I actually agree with a lot of that. Every training method has its weaknesses, including each of the many forms of sparring. Personally I think the best approach is to find complementary training methods so that the strengths of one can balance out the weaknesses of another. I respect many martial artists who reject sparring entirely, but I disagree with them.

You are right that grappling methods, in general, allow you to spar safely with more intensity than striking methods. (With some exceptions. For example, there are throwing methods that can inflict plenty of damage if you apply with full damaging intent every time.) I disagree that the choices for most strikes are limited to "hit hard enough to inflict real injury" vs "hit so light that your sparring partner can just ignore the shot." There is a huge range of gradations of force possible which allow the recipient of a blow to respect the impact without being seriously damaged.

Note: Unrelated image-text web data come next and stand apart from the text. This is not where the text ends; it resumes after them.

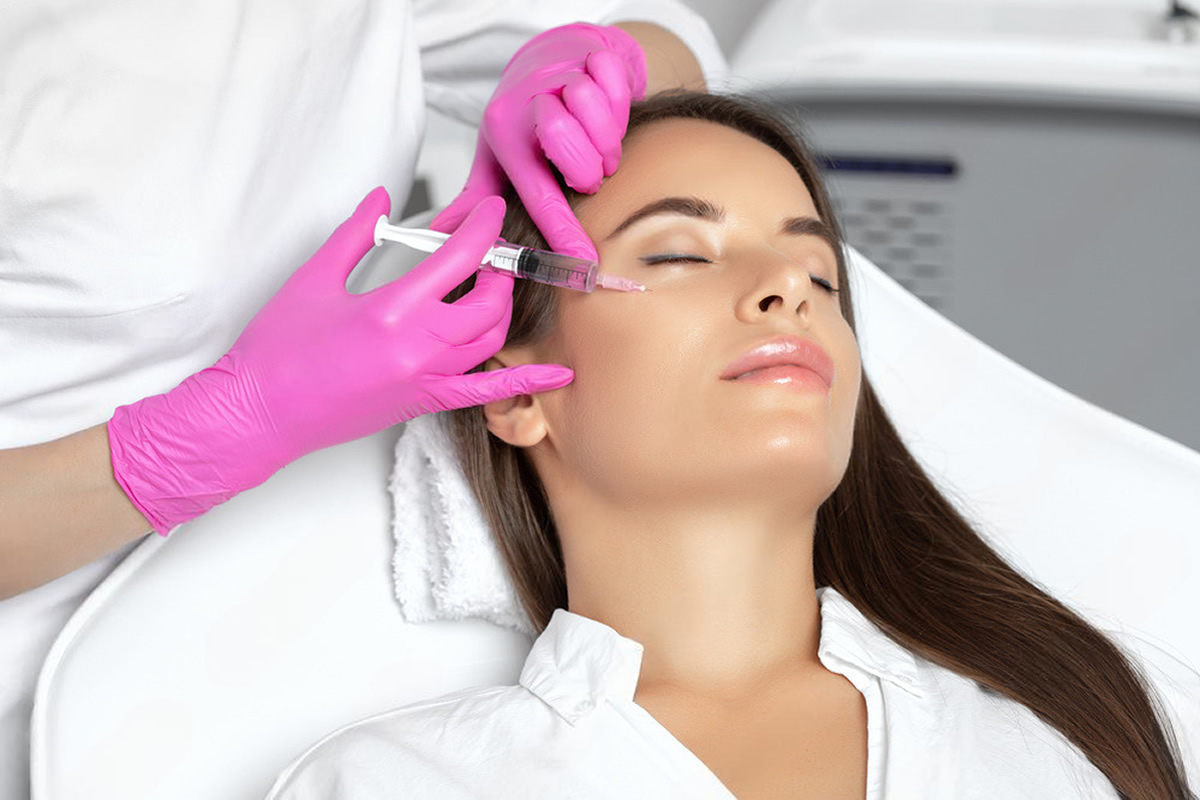 Tratamiento estético con toxina botulínica en los pómulos para un rostro más joven y armonioso.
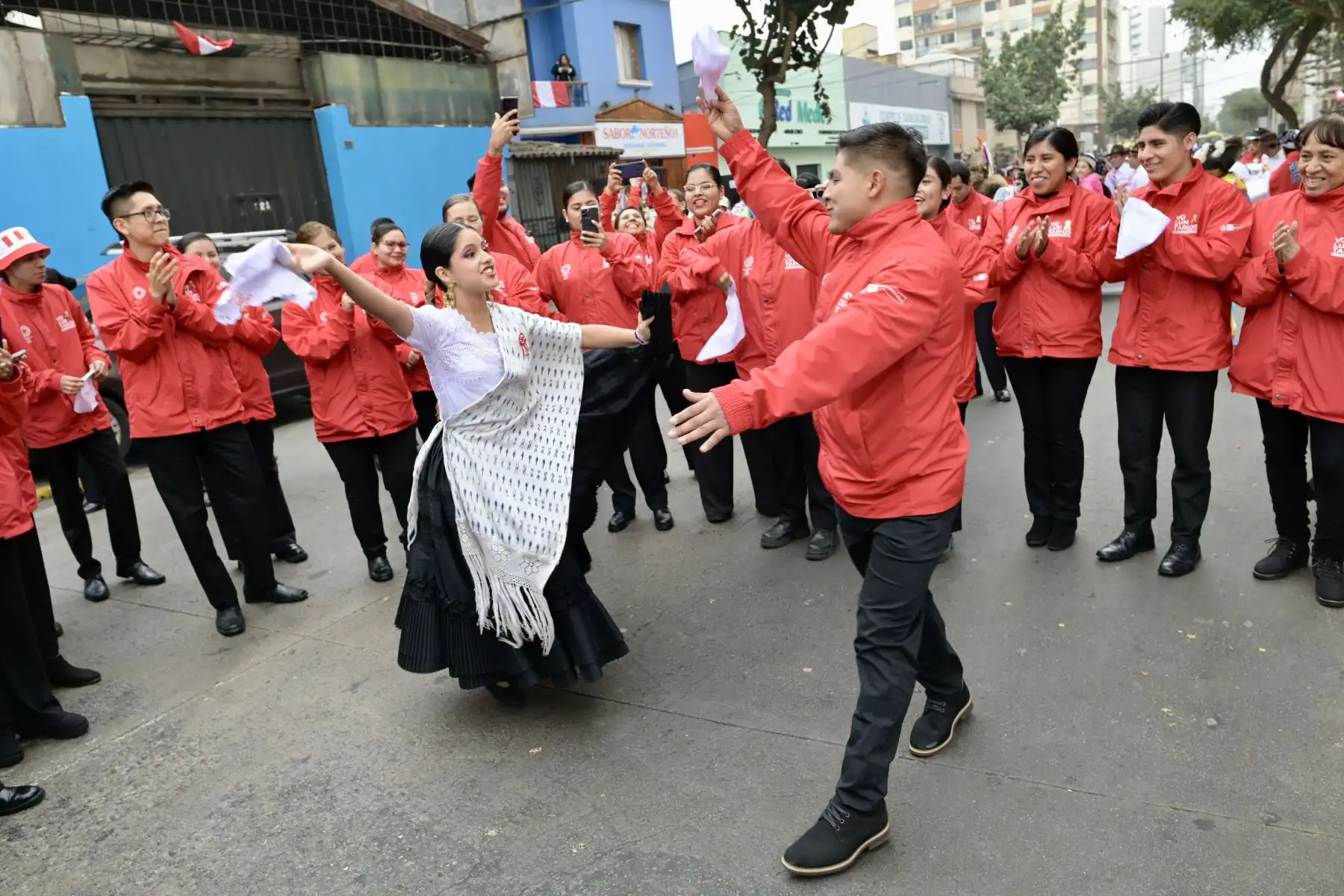 Imágenes previas de la delegación  de Junín y Ayacucho, protagonistas del Bicentenario, abren la Gran Parada y Desfile Cívico Militar. Participan danzantes de la chonguinada junina y el carnaval ayacuchano, junto con héroes de la independencia y voluntarios del Bicentenario. ANDINA/Bicentenario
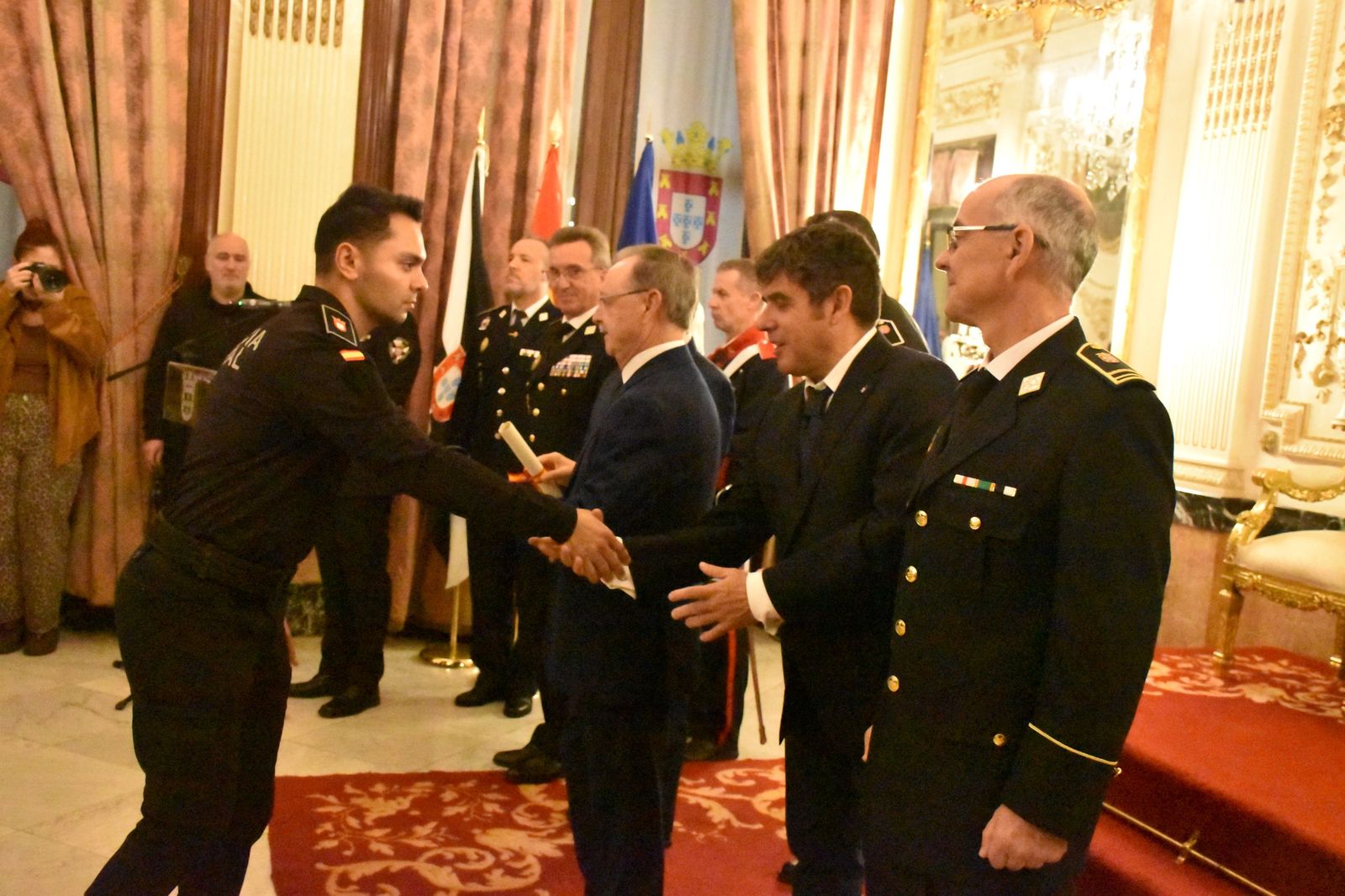 La toma de posesión de los 15 nuevos policías locales, en imágenes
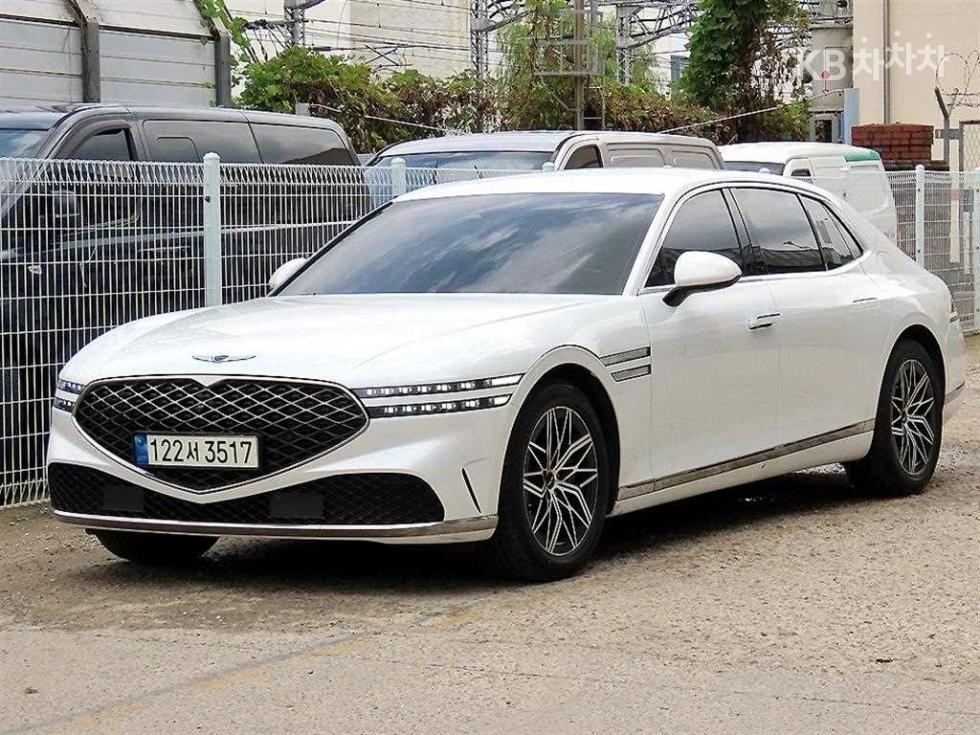 Genesis G90 BASE MODEL — фото 2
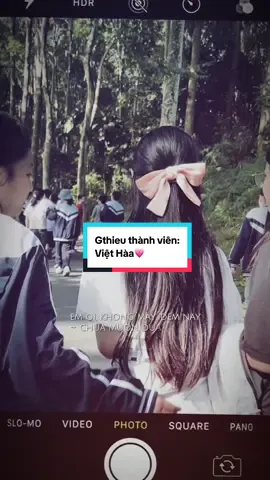 Mở đầu chuyên mục gthieu thành viên sẽ là Việt Hà luôn là cái tên khiến ai cũng phải ấn tượng. Không chỉ học giỏi xuất sắc, Việt Hà còn có gương mặt xinh xắn và nụ cười cực kỳ thân thiện. Việt Hà luôn sẵn sàng giúp đỡ bạn bè, chia sẻ bài vở và tạo cảm giác dễ gần ngay từ lần đầu gặp. @Bé tổng♫ xoa kính #thcsphucdien #gioithieuthanhvien #fyp #viral #a4basan 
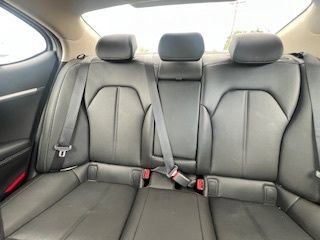Used 2025 Genesis G70 2.5T image 13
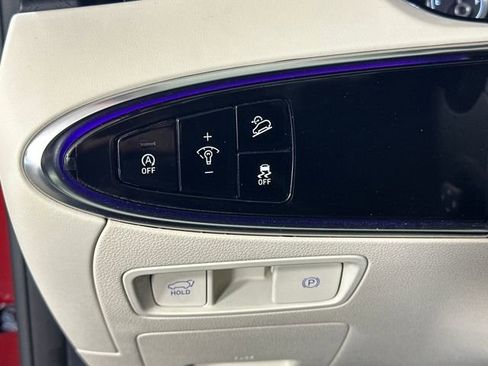 Used 2022 Genesis GV70 2.5T w/ Advanced Package image 19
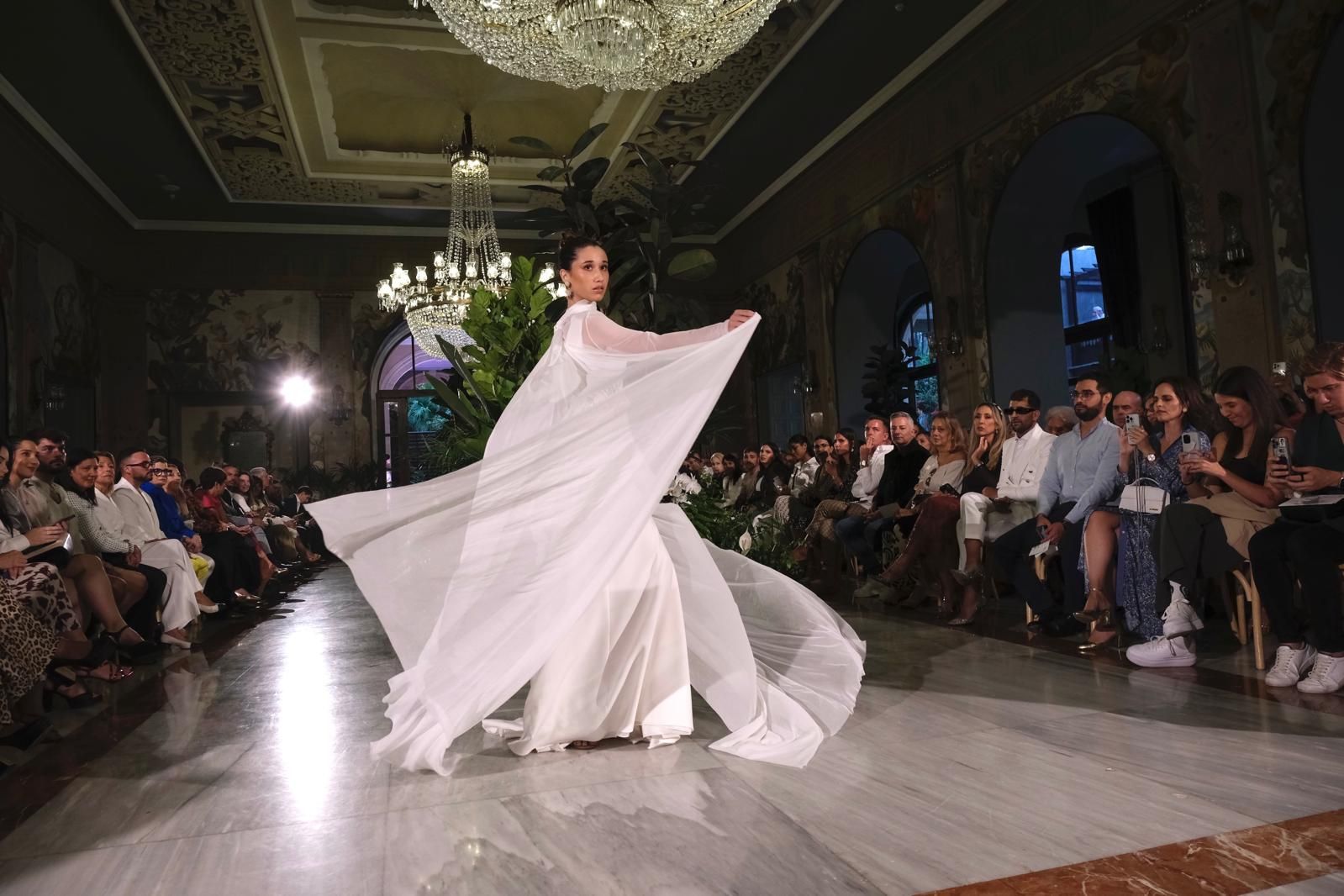 La segunda jornada de la pasarela &#039;Colección Bridal, Gran Canaria Moda Cálida&#039;, en imágenes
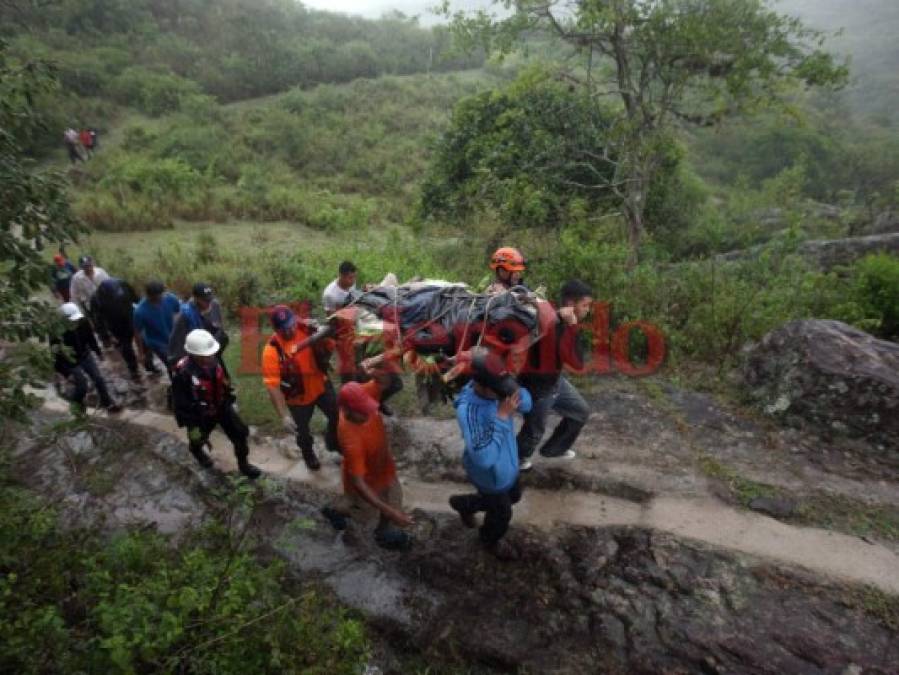 Las dramáticas imágenes del rescate de la primera víctima de las lluvias en Honduras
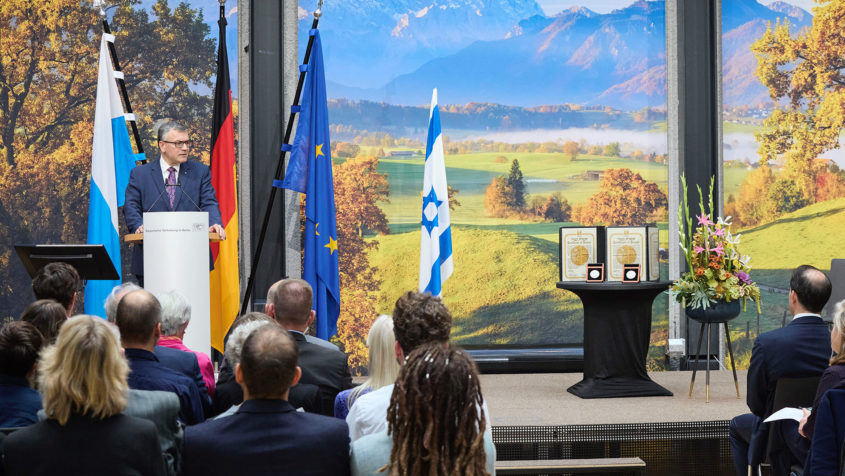 Feierstunde zur Ehrung von zwei Gerechten unter den Völkern aufgenommen am 17.10.2025 in der Bayerischen Vertretung in Berlin. Copyright: Bayerische Staatskanzlei. Fotograf: Marc Beckmann, marcbeckmann.com, +49 (0) 170 20 48 427. Nutzungshinweis: Diese Terminfotos sind nur zur redaktionellen Verwendung bestimmt. Falls eine andere Verwendung gewünscht wird, kontaktieren Sie bitte presse-berlin@stk.bayern.de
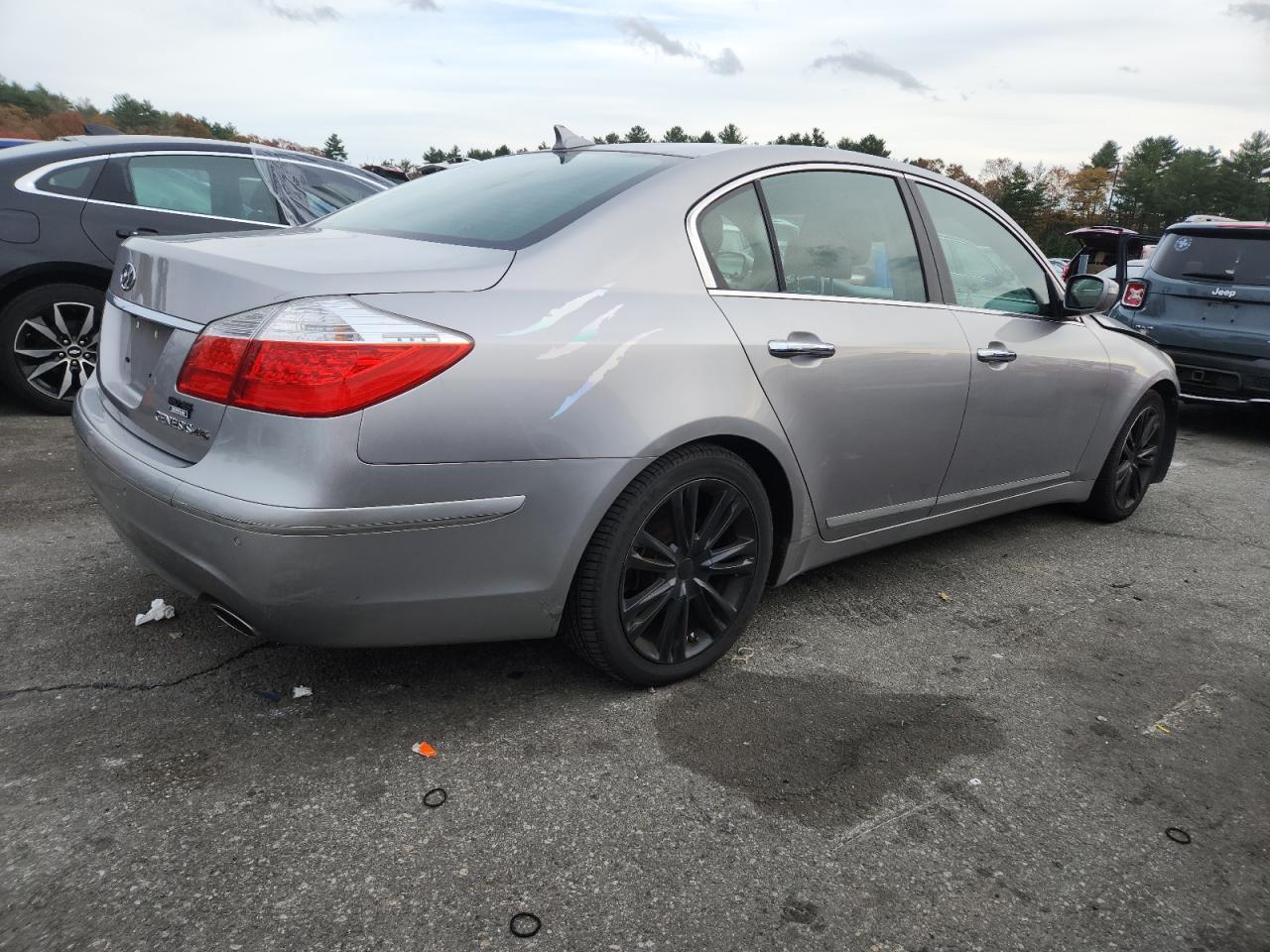 2009 HYUNDAI GENESIS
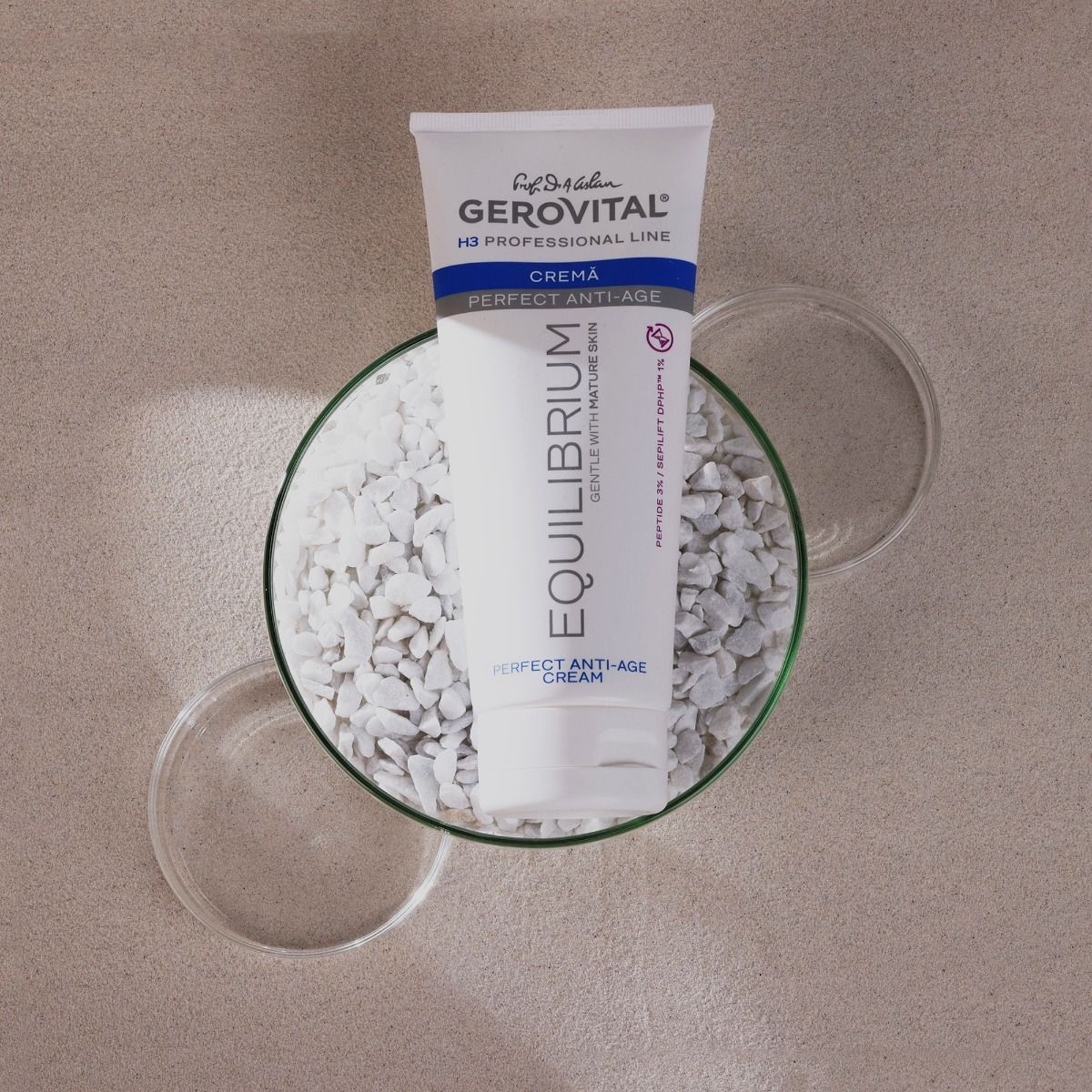 Cremă Perfect Anti-Age Antirid și Fermitate pentru Ten Matur și Uscat cu Peptide și Sepilift™, Gerovital H3 Equilibrium, 200 ml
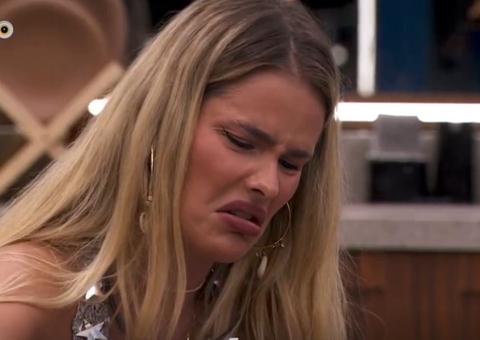 Yasmin Brunet encontra pelo em comida e reação viraliza: 'é de gente?'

As far as the "too deadly to spar" argument, I do see it periodically, although not always phrased in that exact way.

Here's a quote from our own Mook Jong Man. He doesn't dismiss all sparring, but he does explicitly say that full-contact sparring in WC is impossible because the participants would end up dead or in the hospital:
Full contact Wing Chun is a fallacy anyway , if I am using full contact I will be moving in with my full body mass.
If I do a double palm strike to your head , you will either die or you will be going to hospital with a broken neck.

You can put helmets and gear on , and have contact , but it won't be full contact , it will be semi contact or people will be going to the hospital.
Because of the way Wing Chun punches are delivered with the elbow down and going up at an angle to the jaw , forget about the trauma to the brain they put a lot of stress on the neck.
I can definitely feel the stress in my neck when I've been hit with half power ones while wearing a helmet , so there is no way I want to be hit by a full powered one by someone who knows what they are doing.